What the task requires
Reproduce exactly the line with "Headstart - Beginner" and every line that follows it below, up to and including the last one. Do not include pictures or anything else.

+===+

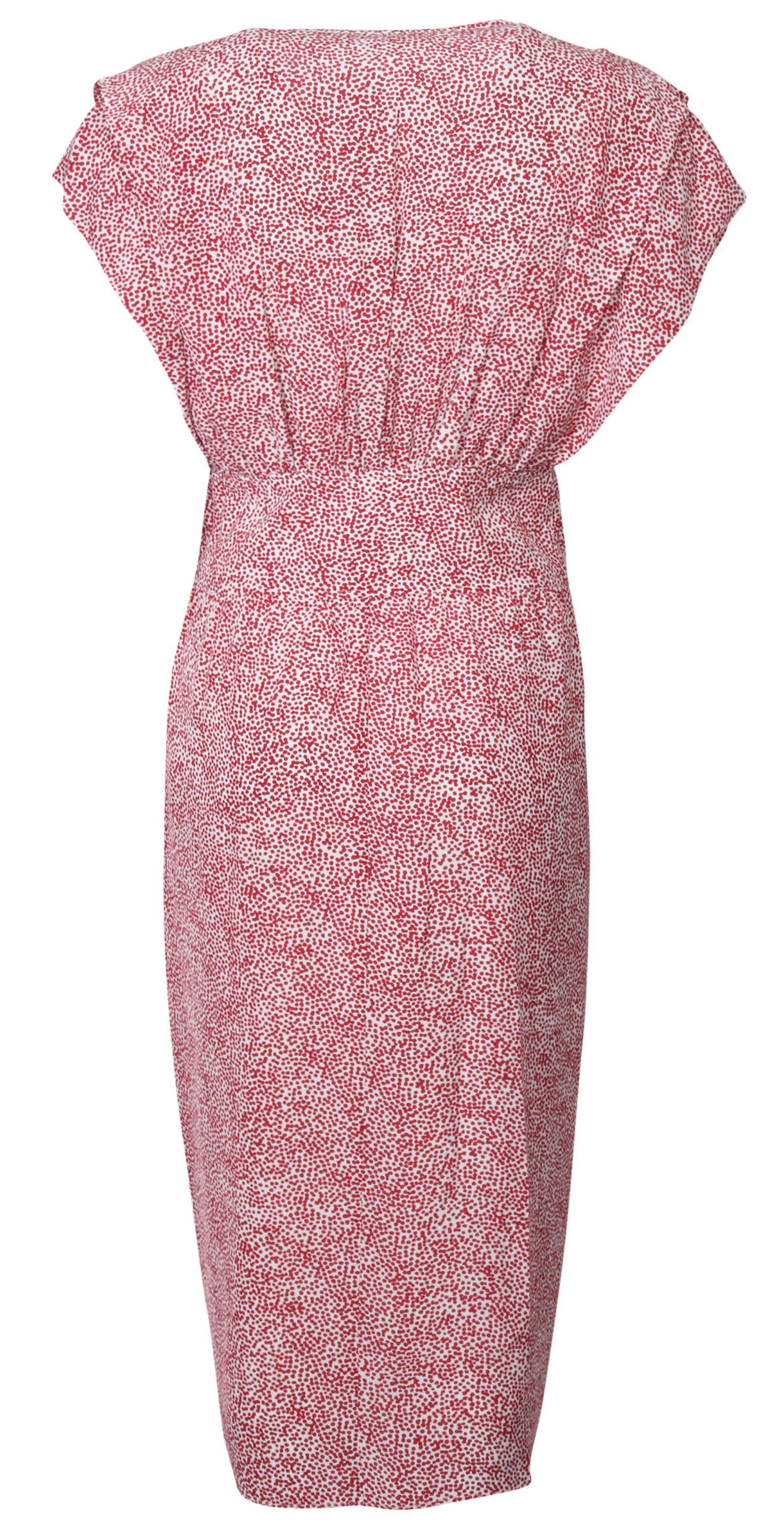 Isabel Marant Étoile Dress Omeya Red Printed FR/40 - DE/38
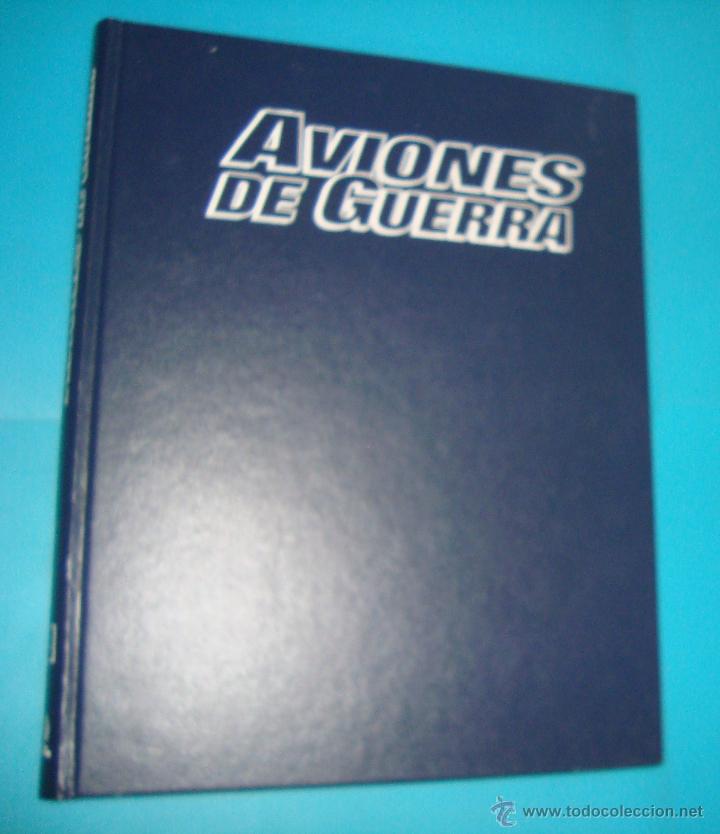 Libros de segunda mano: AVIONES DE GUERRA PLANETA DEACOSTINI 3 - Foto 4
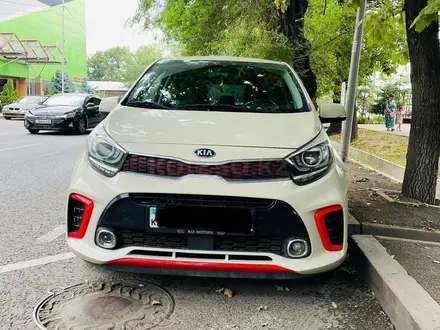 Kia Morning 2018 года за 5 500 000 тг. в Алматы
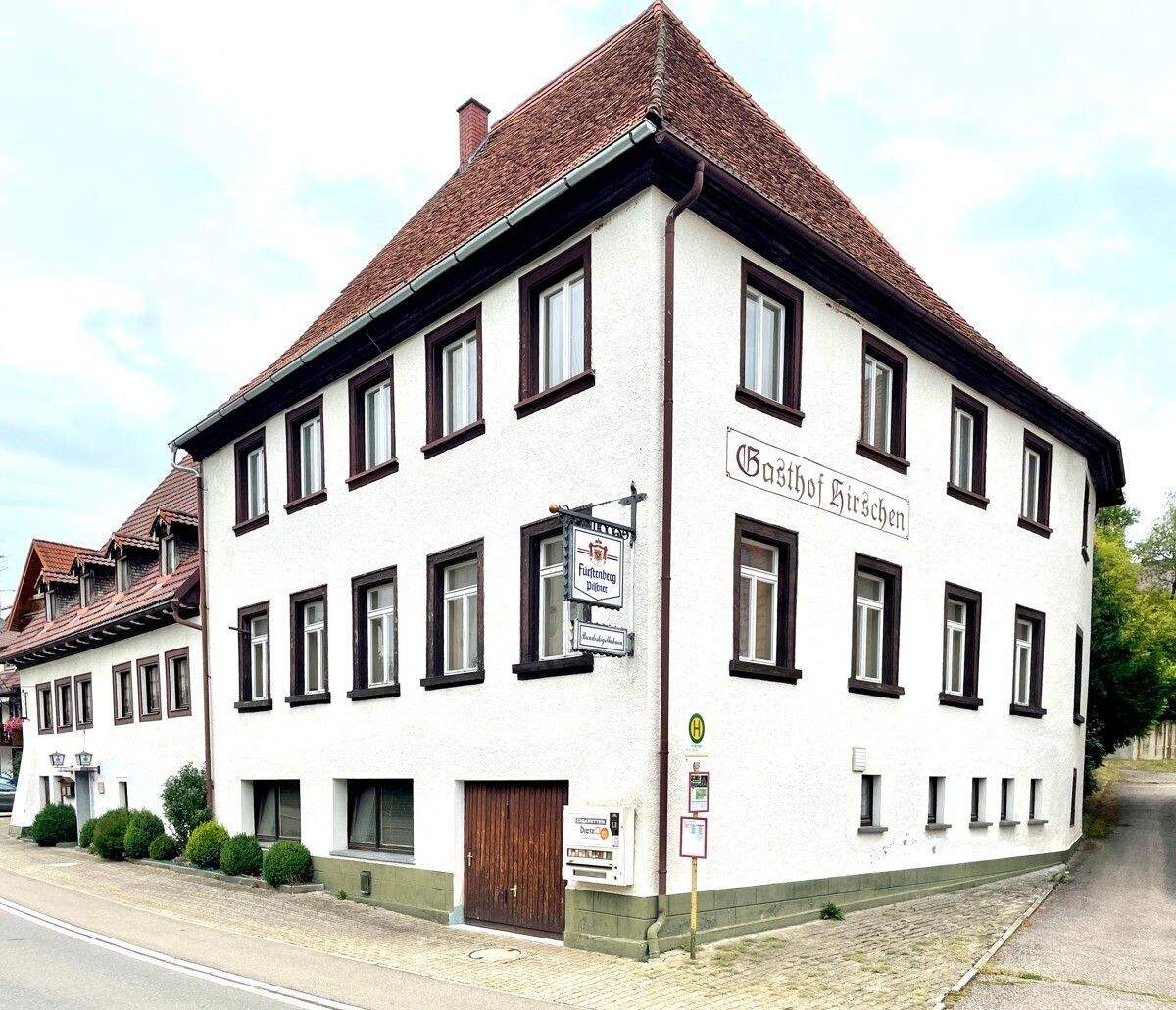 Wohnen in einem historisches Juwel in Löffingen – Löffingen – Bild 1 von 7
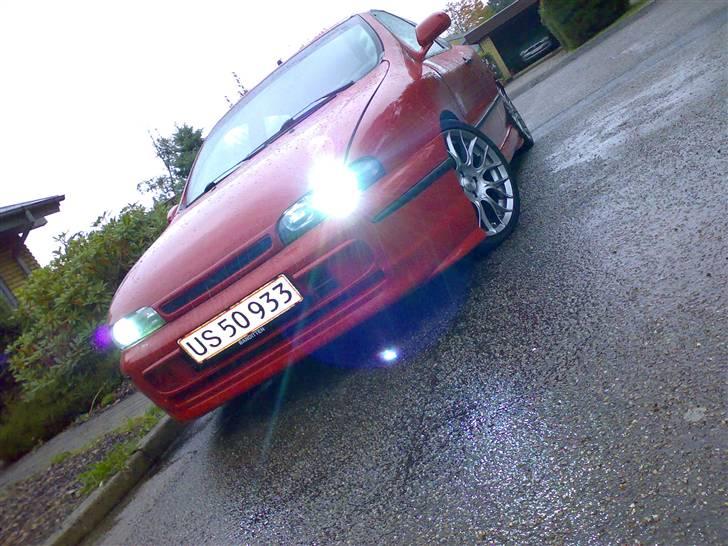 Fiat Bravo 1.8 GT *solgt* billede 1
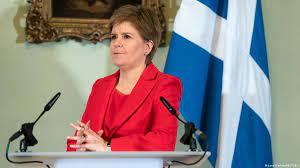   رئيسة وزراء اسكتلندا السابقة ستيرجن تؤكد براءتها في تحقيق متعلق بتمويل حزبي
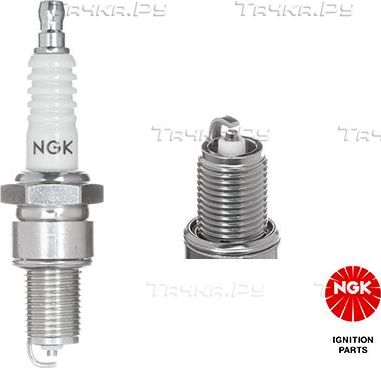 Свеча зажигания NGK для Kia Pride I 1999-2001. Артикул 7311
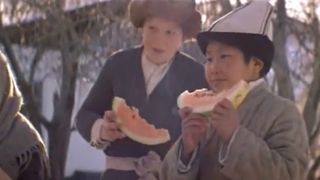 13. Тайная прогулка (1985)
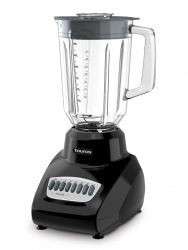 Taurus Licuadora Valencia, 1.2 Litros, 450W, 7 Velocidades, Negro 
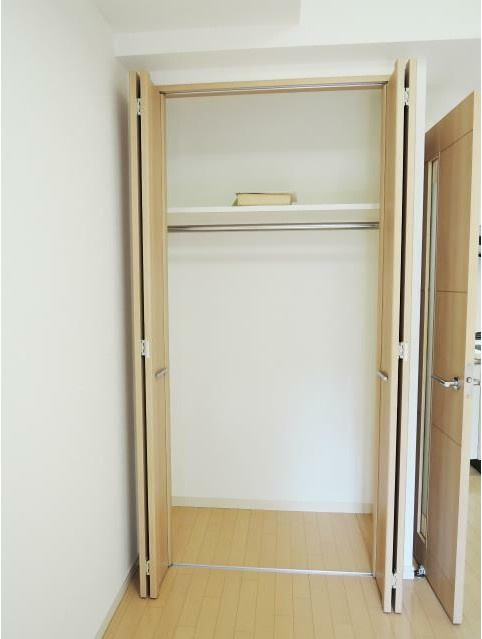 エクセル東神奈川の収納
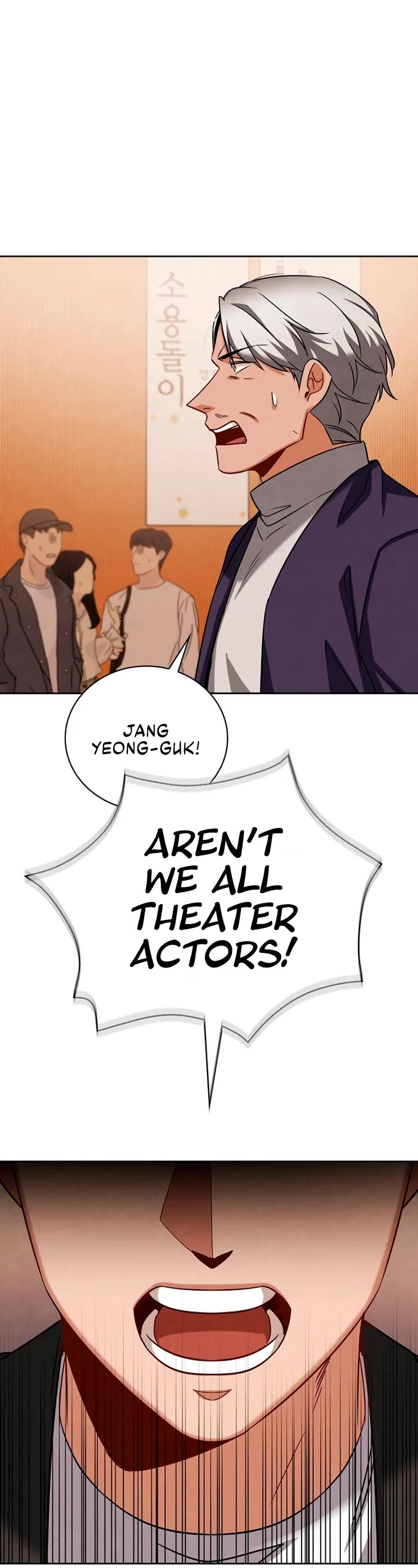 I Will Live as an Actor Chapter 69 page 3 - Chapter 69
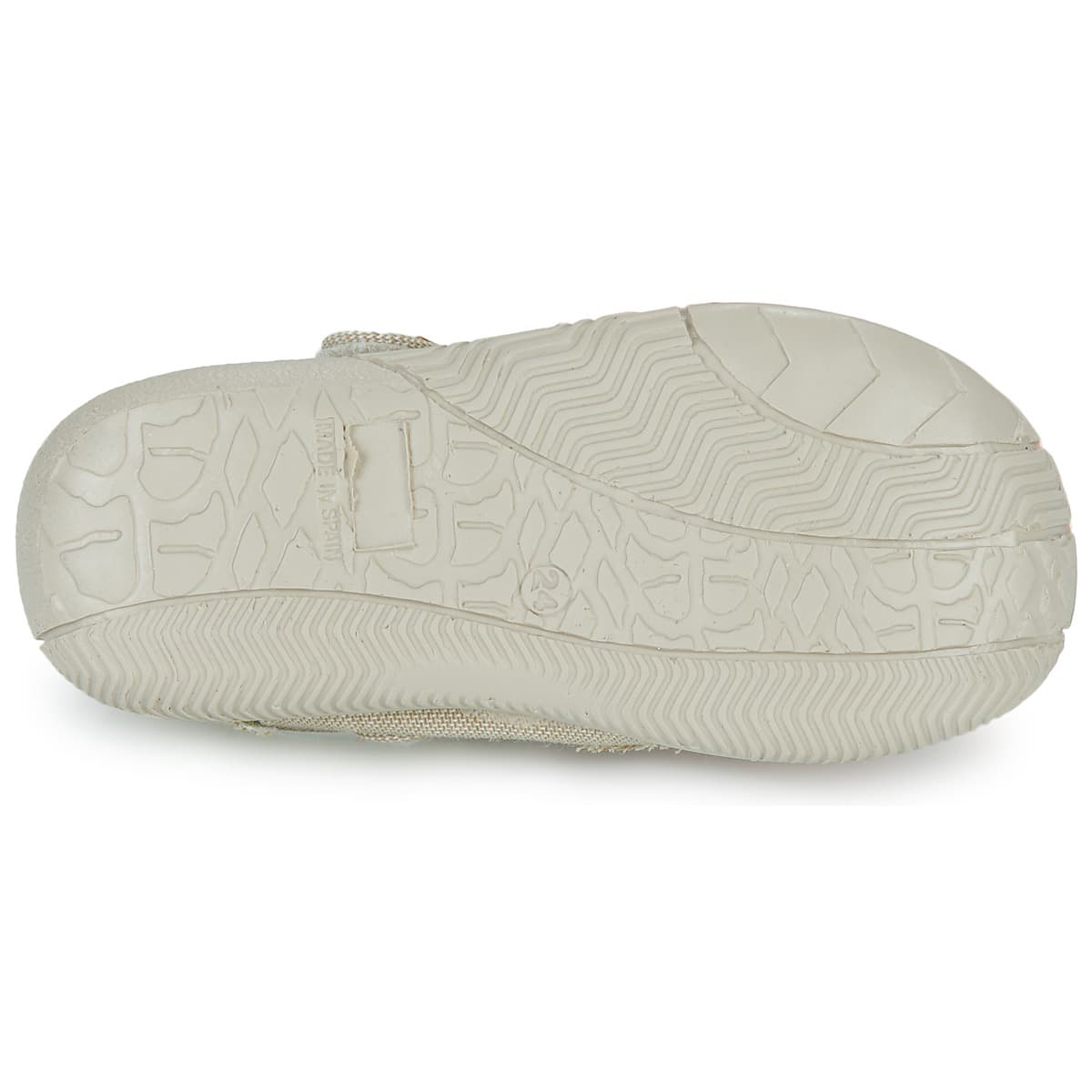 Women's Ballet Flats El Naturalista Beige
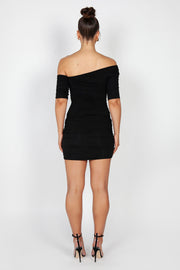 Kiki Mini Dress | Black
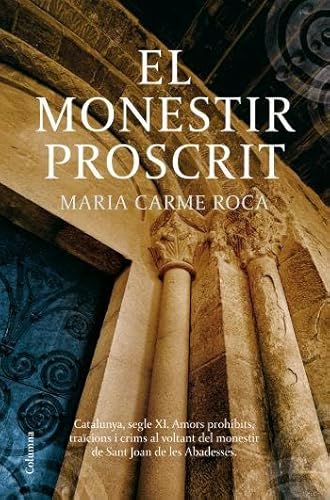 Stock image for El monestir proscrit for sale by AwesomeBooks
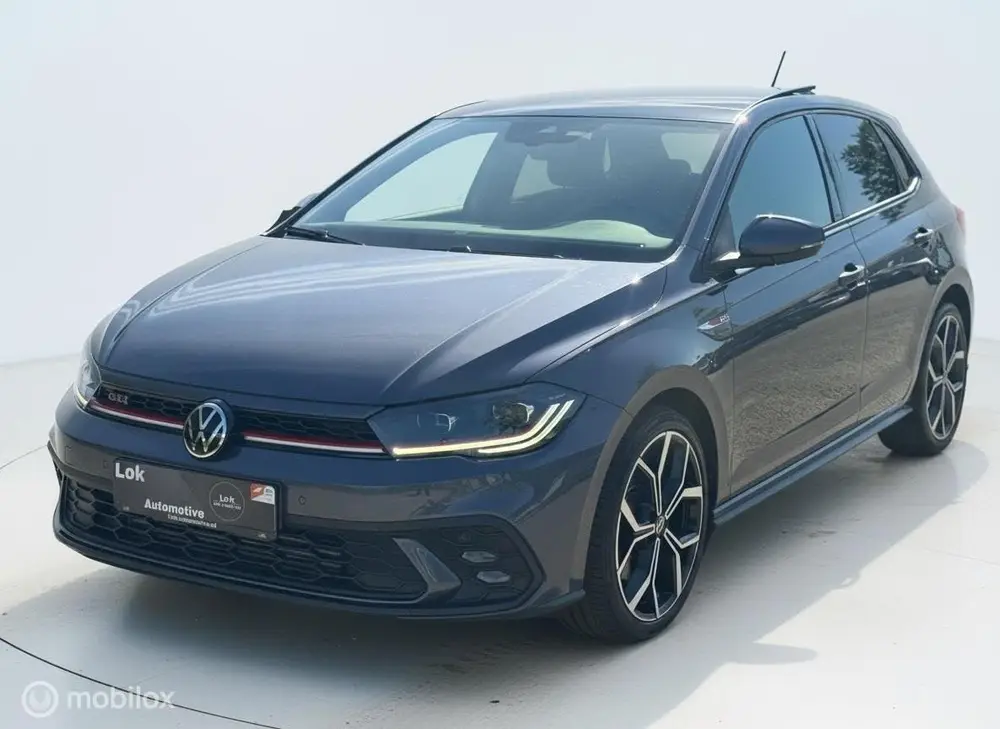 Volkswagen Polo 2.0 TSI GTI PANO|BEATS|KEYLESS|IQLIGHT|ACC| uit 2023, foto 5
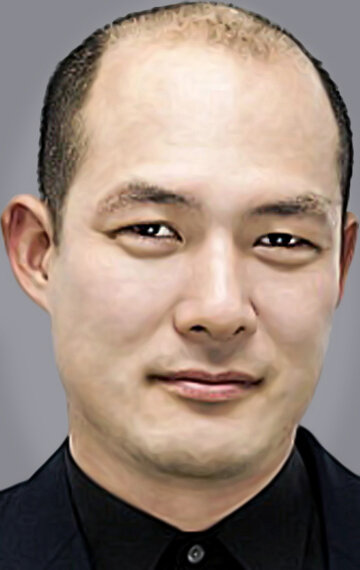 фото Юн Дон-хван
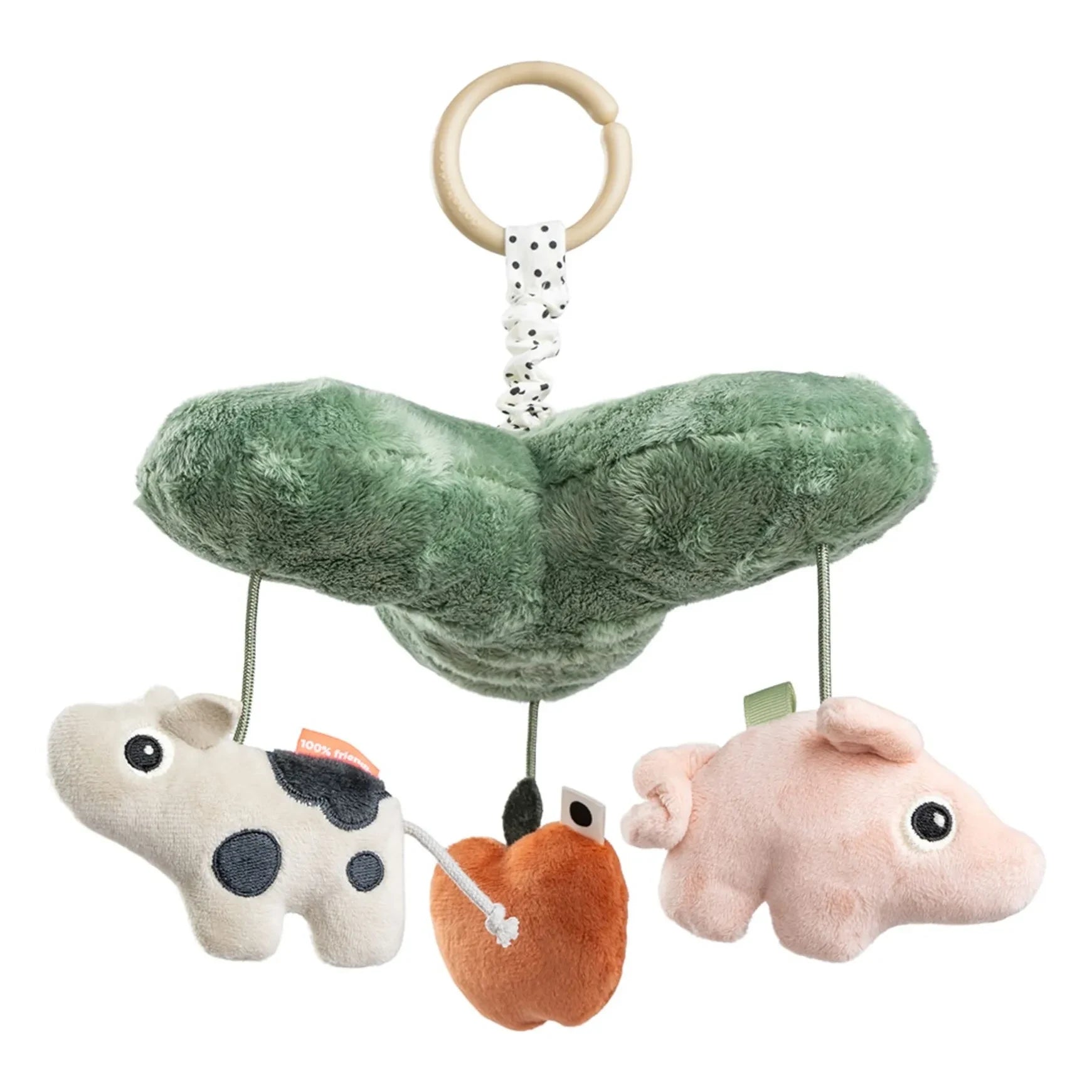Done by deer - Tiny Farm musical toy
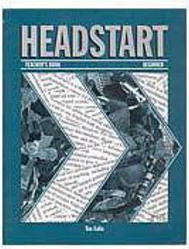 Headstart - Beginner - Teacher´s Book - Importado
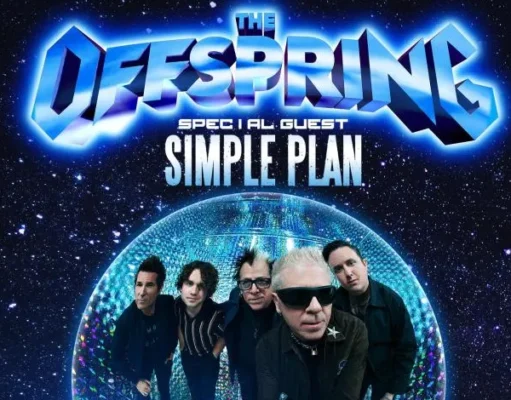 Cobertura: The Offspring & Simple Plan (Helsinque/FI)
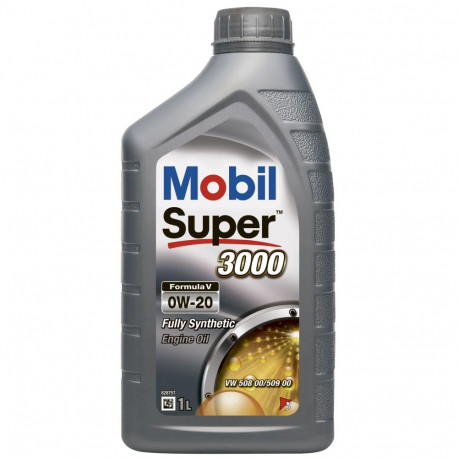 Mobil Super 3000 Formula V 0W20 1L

+===+

Expected output
 Headstart - Beginner - Teacher´s Book - Importado
 Cobertura: The Offspring & Simple Plan (Helsinque/FI)
 Mobil Super 3000 Formula V 0W20 1L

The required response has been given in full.